# [Exercise objective]
Every line from the one containing "Nike Air Max" to the one containing "腹子からほぐしたイクラとサーモンの丼" in the records below, both included, must be set down exactly, and no other line.

# [Data to process]
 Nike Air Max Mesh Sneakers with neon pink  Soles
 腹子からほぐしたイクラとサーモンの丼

* * *

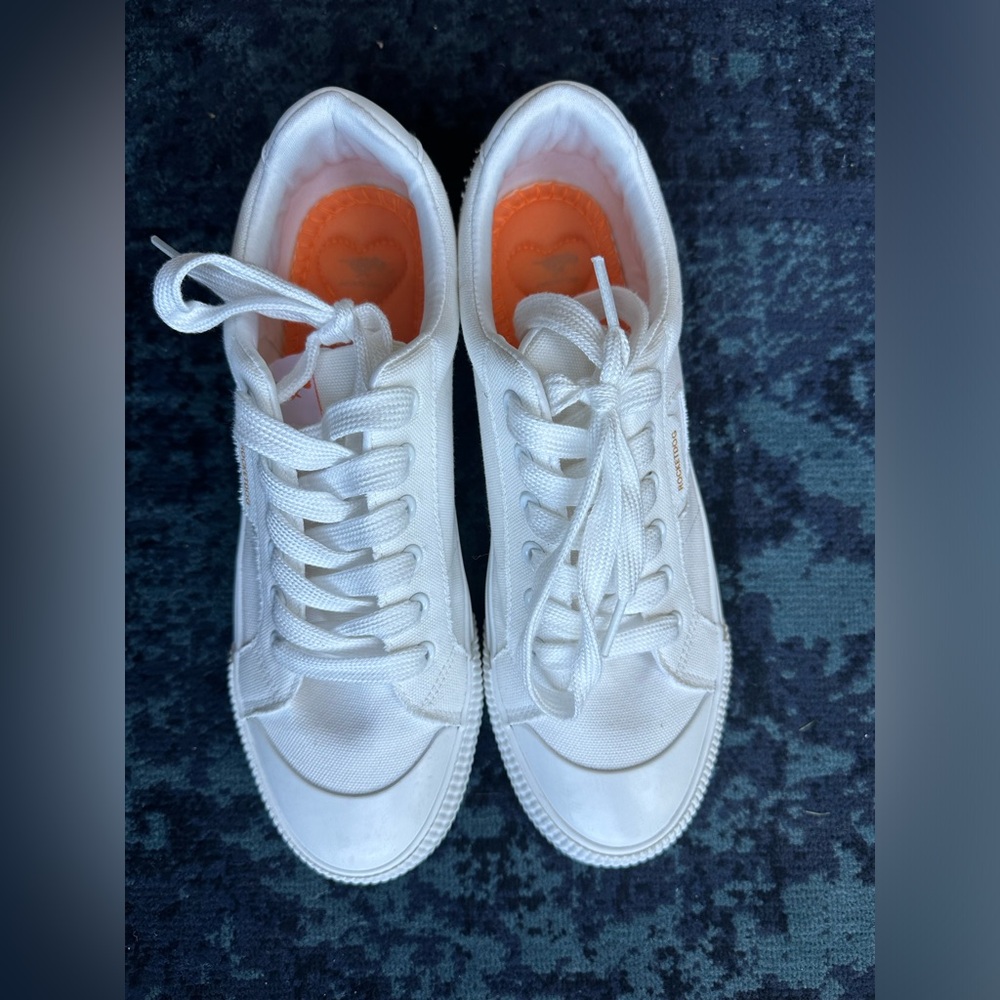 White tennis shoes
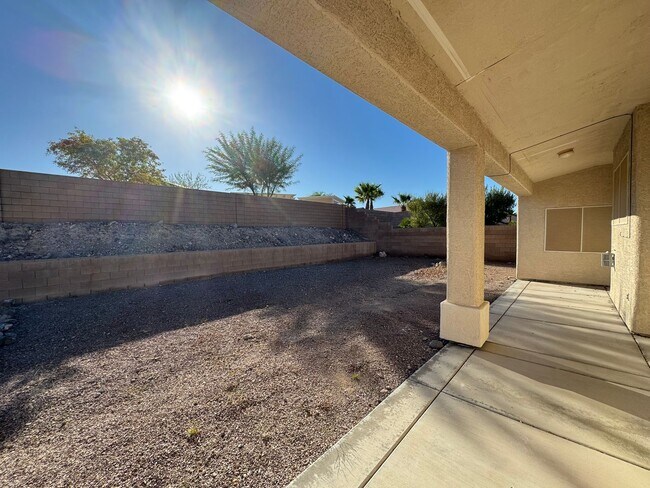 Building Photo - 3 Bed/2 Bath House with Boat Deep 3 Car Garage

# [Solution to this task]
 Nike Air Max Mesh Sneakers with neon pink  Soles
 腹子からほぐしたイクラとサーモンの丼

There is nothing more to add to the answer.